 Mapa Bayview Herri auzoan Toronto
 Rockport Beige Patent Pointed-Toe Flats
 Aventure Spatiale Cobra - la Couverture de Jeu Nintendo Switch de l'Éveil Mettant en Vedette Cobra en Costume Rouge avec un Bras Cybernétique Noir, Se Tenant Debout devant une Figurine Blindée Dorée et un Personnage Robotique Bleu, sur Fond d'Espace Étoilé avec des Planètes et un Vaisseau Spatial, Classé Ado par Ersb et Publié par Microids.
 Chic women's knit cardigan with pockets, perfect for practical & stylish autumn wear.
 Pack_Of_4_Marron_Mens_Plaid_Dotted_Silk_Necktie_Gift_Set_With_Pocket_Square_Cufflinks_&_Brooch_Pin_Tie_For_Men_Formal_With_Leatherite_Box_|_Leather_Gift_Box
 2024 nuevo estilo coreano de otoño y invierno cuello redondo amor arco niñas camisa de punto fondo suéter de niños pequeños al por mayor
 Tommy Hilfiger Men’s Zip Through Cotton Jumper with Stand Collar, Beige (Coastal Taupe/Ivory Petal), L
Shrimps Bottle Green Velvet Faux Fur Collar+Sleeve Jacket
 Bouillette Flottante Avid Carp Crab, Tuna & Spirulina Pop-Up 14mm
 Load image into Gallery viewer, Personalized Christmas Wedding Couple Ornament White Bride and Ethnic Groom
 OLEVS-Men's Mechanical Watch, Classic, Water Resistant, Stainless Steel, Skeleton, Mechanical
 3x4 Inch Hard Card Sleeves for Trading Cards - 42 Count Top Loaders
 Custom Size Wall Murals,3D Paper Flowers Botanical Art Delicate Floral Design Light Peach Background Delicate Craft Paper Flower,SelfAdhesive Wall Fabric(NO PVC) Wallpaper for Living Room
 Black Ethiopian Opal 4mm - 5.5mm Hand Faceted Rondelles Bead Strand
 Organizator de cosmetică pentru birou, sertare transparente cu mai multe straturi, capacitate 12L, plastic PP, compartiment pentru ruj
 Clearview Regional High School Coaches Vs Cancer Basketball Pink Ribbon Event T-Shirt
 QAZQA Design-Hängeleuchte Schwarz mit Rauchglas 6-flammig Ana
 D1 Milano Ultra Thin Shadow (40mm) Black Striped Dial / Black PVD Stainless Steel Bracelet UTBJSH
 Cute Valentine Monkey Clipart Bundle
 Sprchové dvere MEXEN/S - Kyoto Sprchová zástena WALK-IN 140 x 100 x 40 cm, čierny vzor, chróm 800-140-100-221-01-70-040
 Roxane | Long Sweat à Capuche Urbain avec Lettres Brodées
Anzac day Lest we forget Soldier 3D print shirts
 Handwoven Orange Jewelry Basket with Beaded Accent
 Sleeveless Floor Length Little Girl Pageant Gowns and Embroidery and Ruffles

- - - - - - -

**WHAT IS REQUIRED**
Among the entries above, locate the lines containing "2024 nuevo estilo" and "Custom Size Wall", and transcribe exactly those two lines and all lines between.

**ANSWER SECTION**
 2024 nuevo estilo coreano de otoño y invierno cuello redondo amor arco niñas camisa de punto fondo suéter de niños pequeños al por mayor
 Tommy Hilfiger Men’s Zip Through Cotton Jumper with Stand Collar, Beige (Coastal Taupe/Ivory Petal), L
Shrimps Bottle Green Velvet Faux Fur Collar+Sleeve Jacket
 Bouillette Flottante Avid Carp Crab, Tuna & Spirulina Pop-Up 14mm
 Load image into Gallery viewer, Personalized Christmas Wedding Couple Ornament White Bride and Ethnic Groom
 OLEVS-Men's Mechanical Watch, Classic, Water Resistant, Stainless Steel, Skeleton, Mechanical
 3x4 Inch Hard Card Sleeves for Trading Cards - 42 Count Top Loaders
 Custom Size Wall Murals,3D Paper Flowers Botanical Art Delicate Floral Design Light Peach Background Delicate Craft Paper Flower,SelfAdhesive Wall Fabric(NO PVC) Wallpaper for Living Room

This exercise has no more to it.